Task
Would you write out the entries that follow word for word, omitting any images?

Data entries
- - -
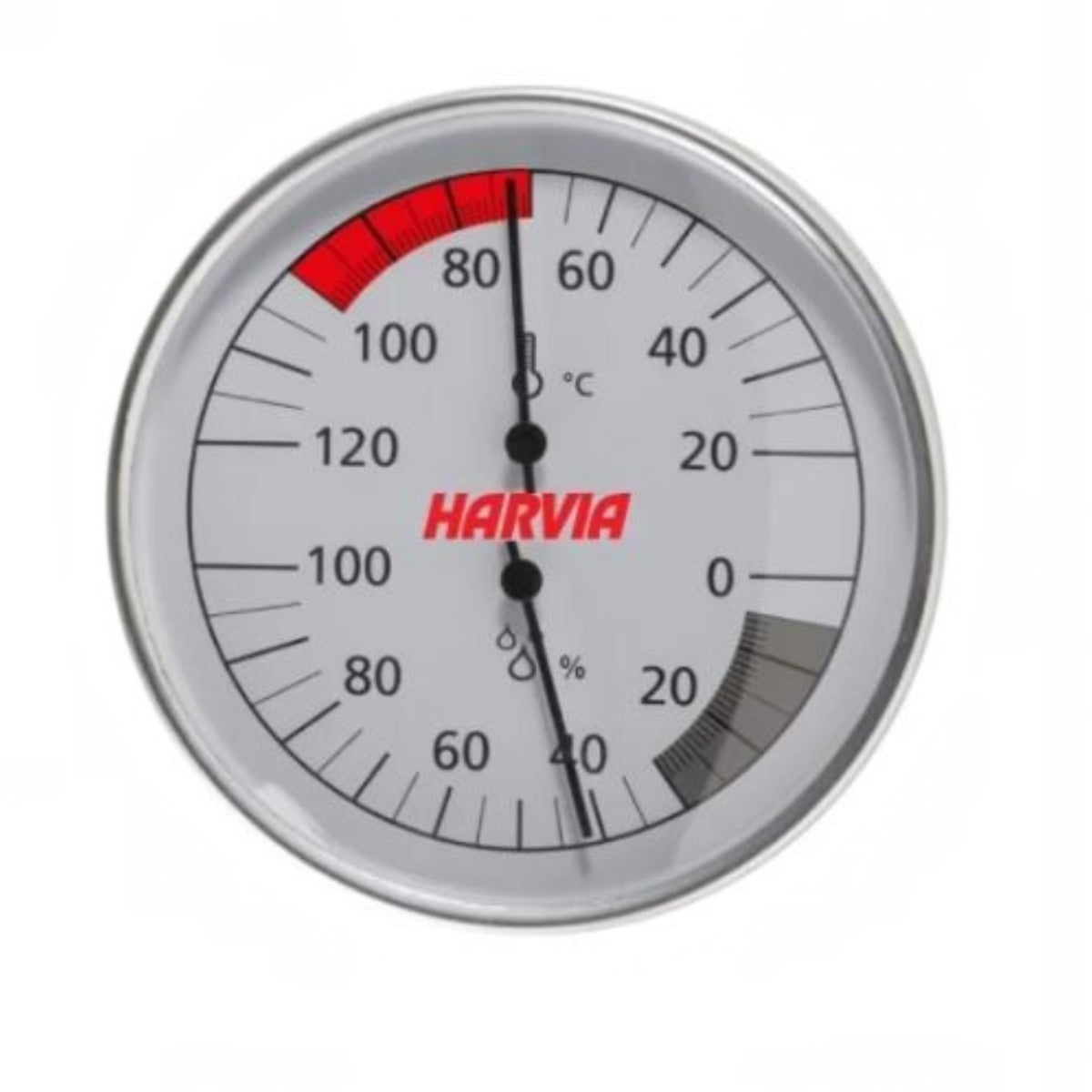 Thermometer und Hygrometer Harvia
Modell: Basic
Durchmesser: 100 mm
Für Temperatur und Luftfeuchtigkeit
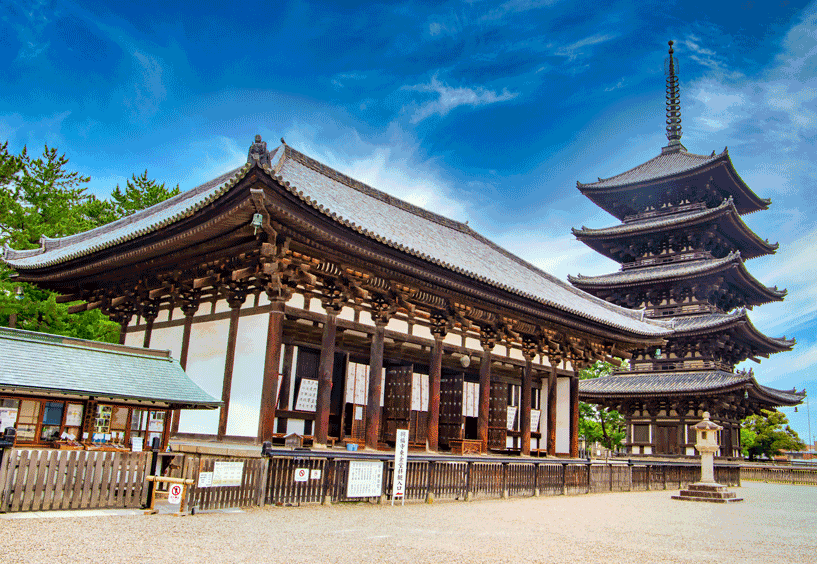 興福寺と五重塔の画像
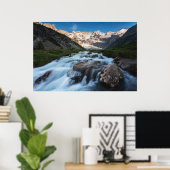 Waterval | Aviolo Lake, Italië Poster (Thuiskantoor)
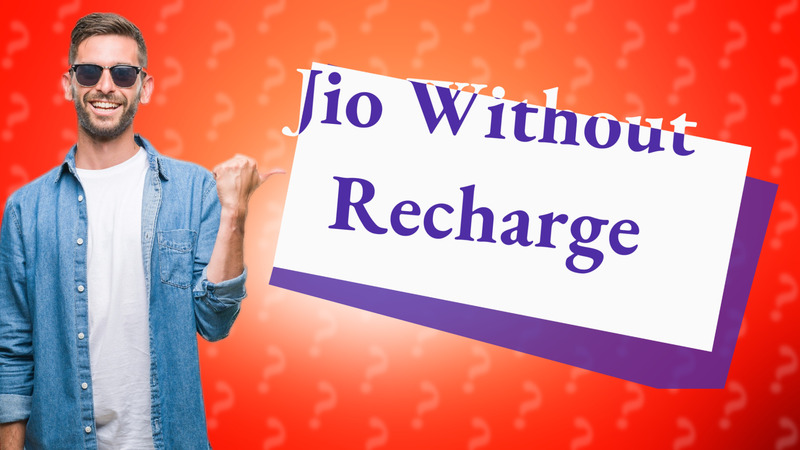 Jio Without Recharge
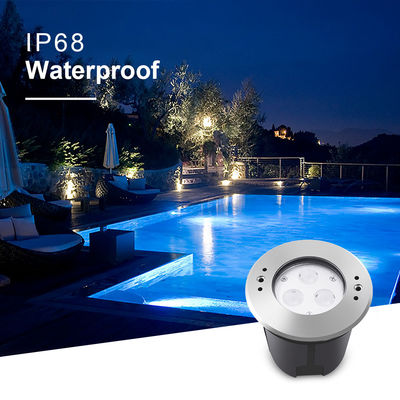 3W resistente al agua IP68 LED piscina bajo el agua luz 316 SS RGB DMX512 luz de estanque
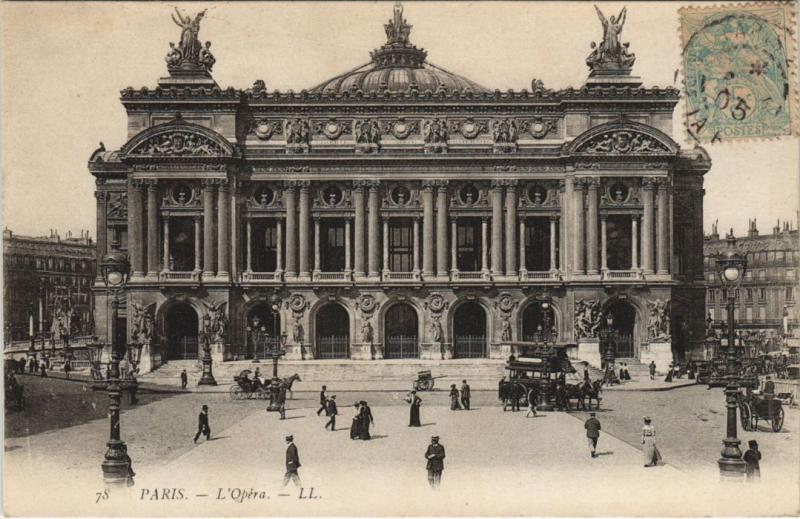 Carte postale ancienne Paris 9e L'Opéra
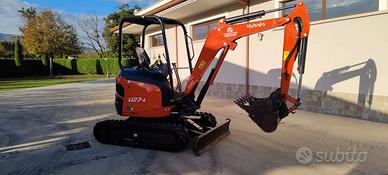 MINIESCAVATORE KUBOTA U27-4 PARI AL NUOVO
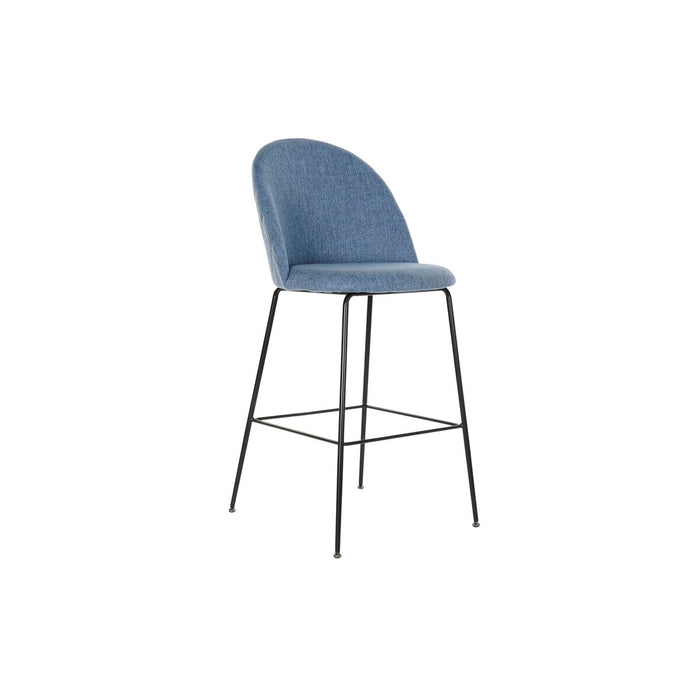 Taburet DKD Home Decor Albastru Poliester Metal (55 x 50 x 110 cm)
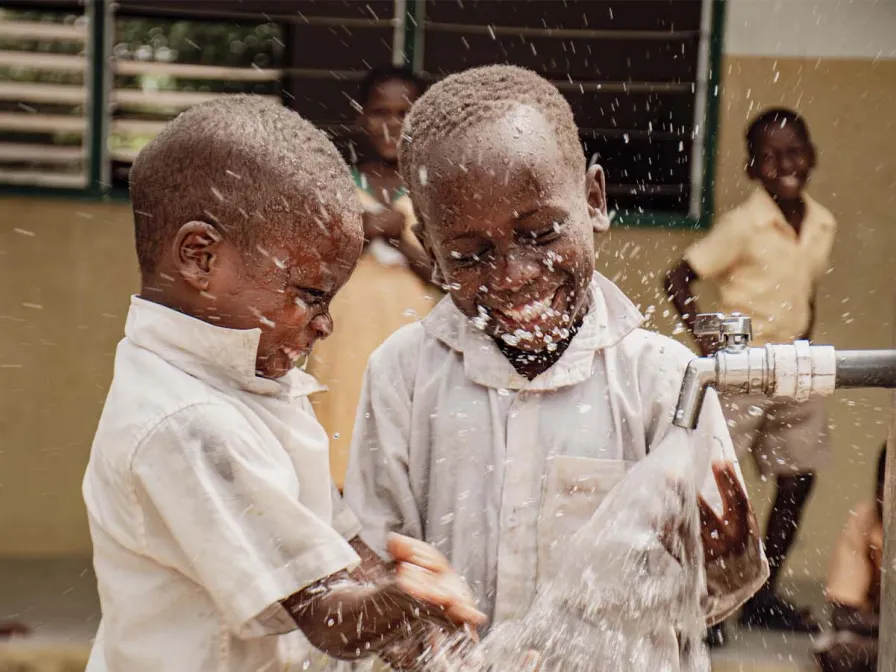 Spende für sauberes Wasser
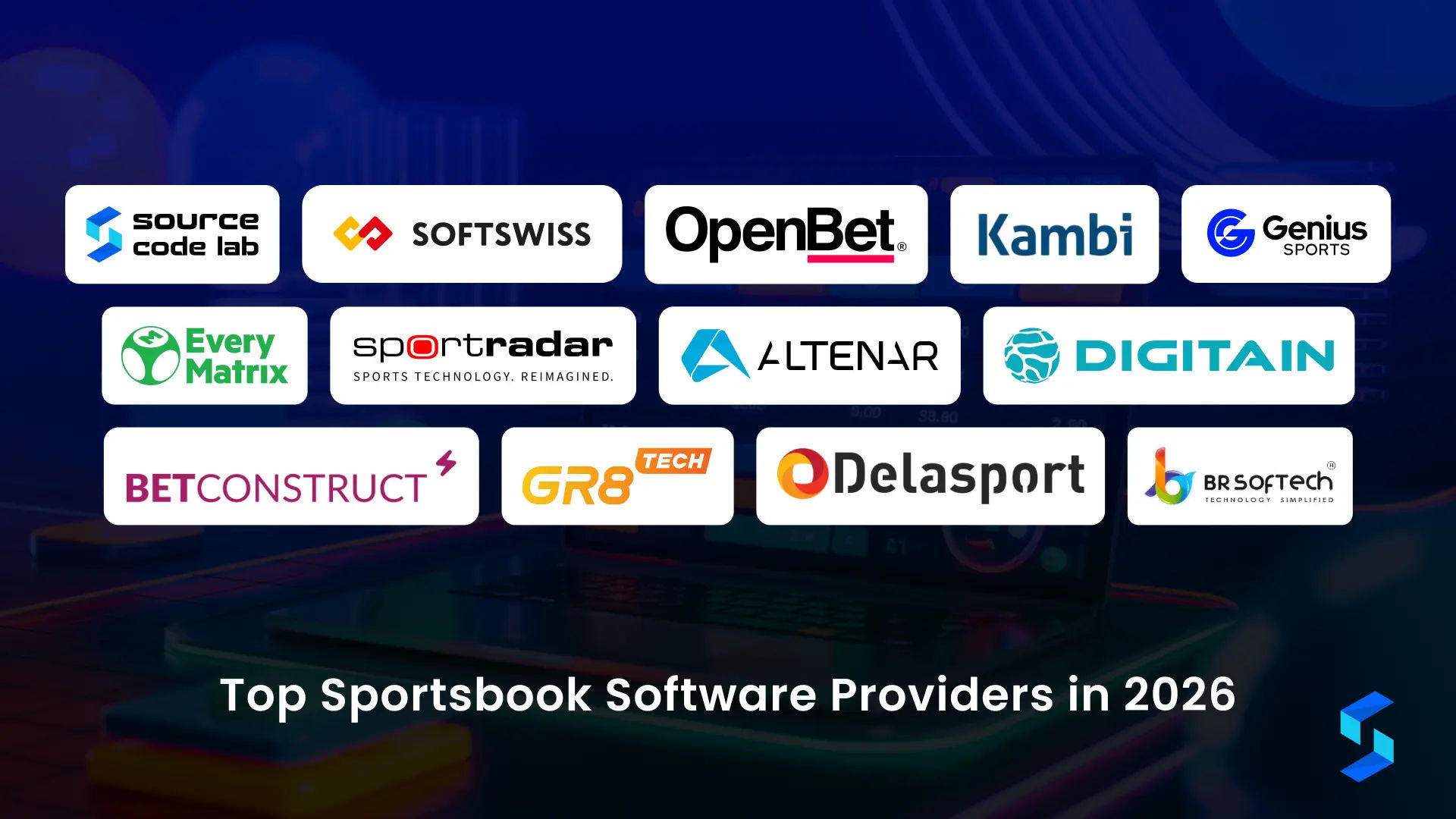 Key sportsbook revenue streams including vig commission, liability management, risk trading teams, and player account management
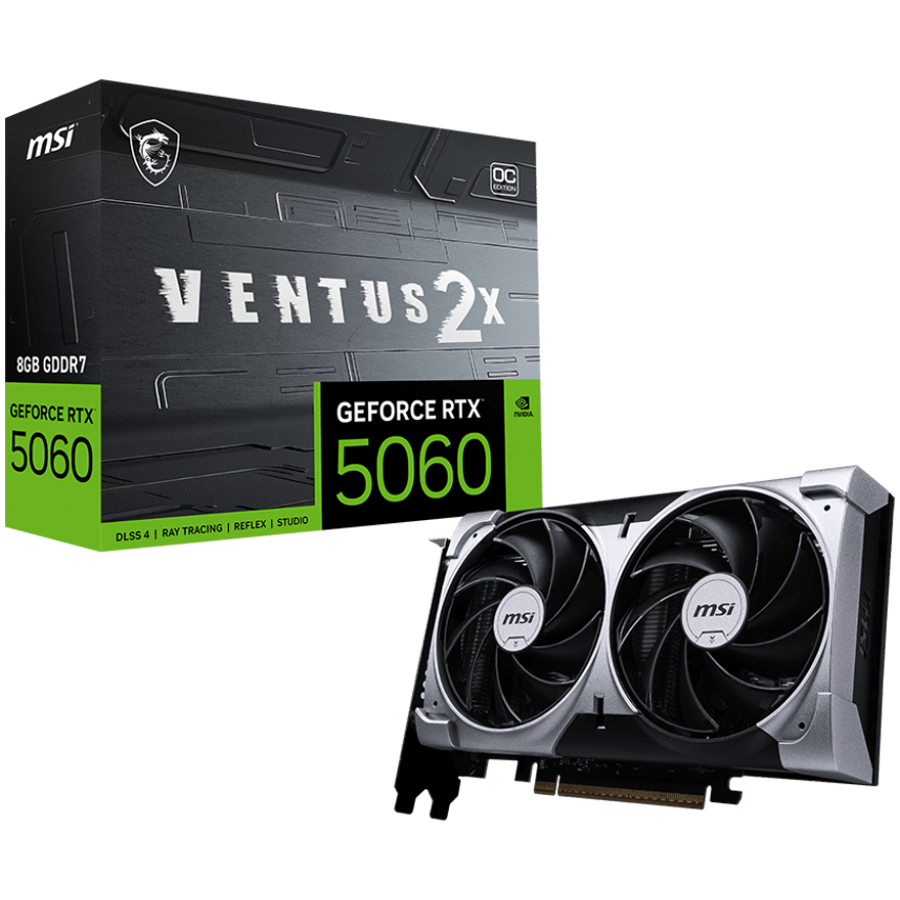 MSI Video Card NVIDIA GeForce RTX 5060 8G VENTUS 2X OC (8GB GDDR7/128bit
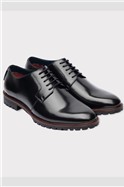  Fleet High Shine Black Leather Brogues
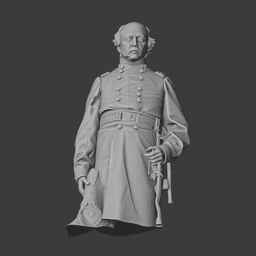 Benjamin Butler Civil War Soldier 3d model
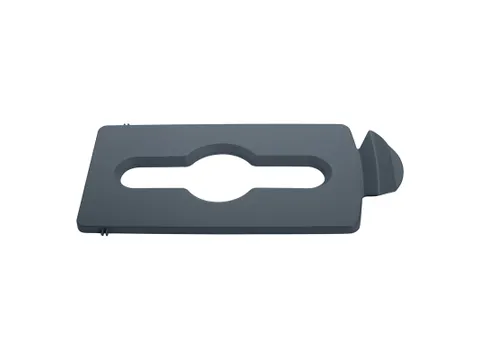 Deksel Mixed Recycling Voor Slim Jim Recyclingstation Grijs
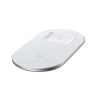 Baseus vezeték nélküli (Wireless) töltő, Simple 2in1, telefon + AirPods, 18W, fehér, WXJK-02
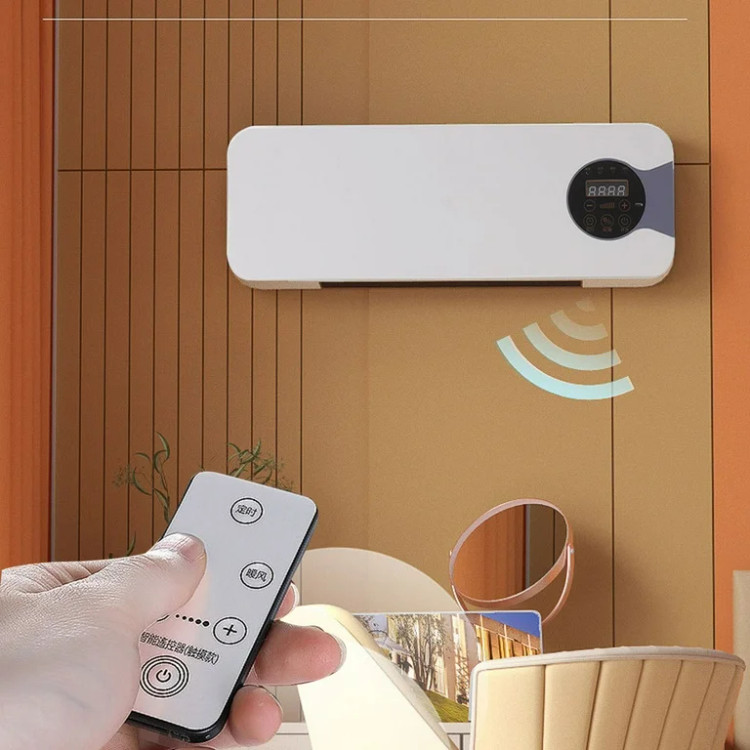 هیتر برقی دیواری فن دار طرح اسپیلت ۱۸۰۰وات fan heater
- - -
Problem solution
 Thermometer und Hygrometer Harvia
Modell: Basic
Durchmesser: 100 mm
Für Temperatur und Luftfeuchtigkeit
 興福寺と五重塔の画像
 Waterval | Aviolo Lake, Italië Poster (Thuiskantoor)
 Jio Without Recharge
 3W resistente al agua IP68 LED piscina bajo el agua luz 316 SS RGB DMX512 luz de estanque
 Carte postale ancienne Paris 9e L'Opéra
 MINIESCAVATORE KUBOTA U27-4 PARI AL NUOVO
 Taburet DKD Home Decor Albastru Poliester Metal (55 x 50 x 110 cm)
 Spende für sauberes Wasser
 Key sportsbook revenue streams including vig commission, liability management, risk trading teams, and player account management
 MSI Video Card NVIDIA GeForce RTX 5060 8G VENTUS 2X OC (8GB GDDR7/128bit
  Fleet High Shine Black Leather Brogues
 Benjamin Butler Civil War Soldier 3d model
 Deksel Mixed Recycling Voor Slim Jim Recyclingstation Grijs
 Baseus vezeték nélküli (Wireless) töltő, Simple 2in1, telefon + AirPods, 18W, fehér, WXJK-02
 هیتر برقی دیواری فن دار طرح اسپیلت ۱۸۰۰وات fan heater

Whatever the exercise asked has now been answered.